Exercise description: Looking at the records below, state how many lines include the string "made" and add nothing further.

Information:

▼▼▼

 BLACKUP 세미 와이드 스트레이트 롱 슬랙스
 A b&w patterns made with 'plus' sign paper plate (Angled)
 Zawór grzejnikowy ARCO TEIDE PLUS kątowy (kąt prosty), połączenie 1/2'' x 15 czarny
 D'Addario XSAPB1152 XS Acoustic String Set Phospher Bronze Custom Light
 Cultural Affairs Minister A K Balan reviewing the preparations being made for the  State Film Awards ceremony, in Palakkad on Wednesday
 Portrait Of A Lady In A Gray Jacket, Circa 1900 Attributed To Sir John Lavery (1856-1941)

▲▲▲
▼▼▼

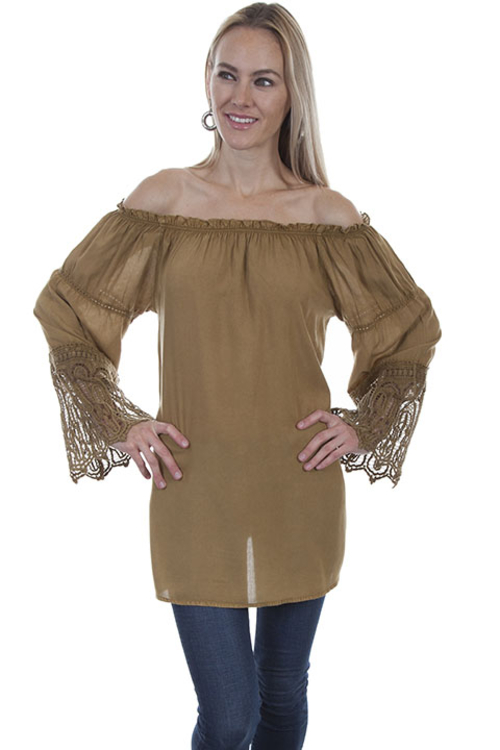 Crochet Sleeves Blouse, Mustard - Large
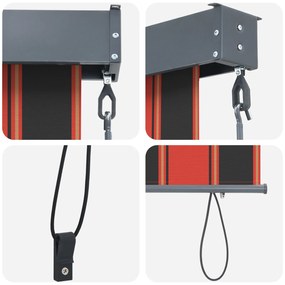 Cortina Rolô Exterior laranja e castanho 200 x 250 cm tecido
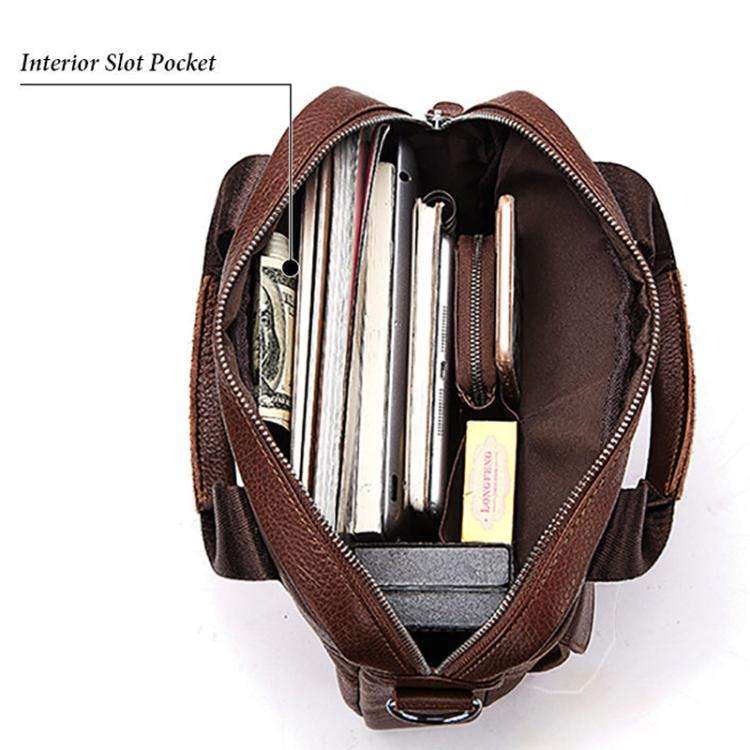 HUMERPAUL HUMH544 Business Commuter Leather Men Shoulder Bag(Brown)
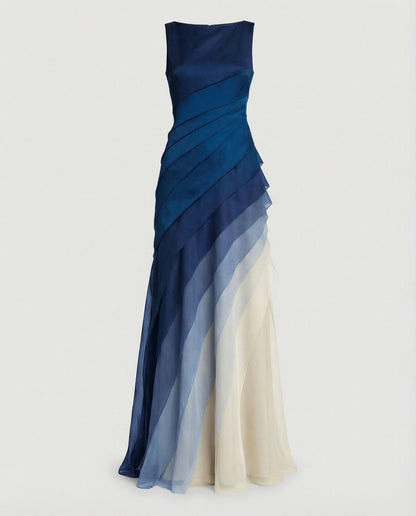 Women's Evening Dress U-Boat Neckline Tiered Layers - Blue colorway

▲▲▲

Reply: 2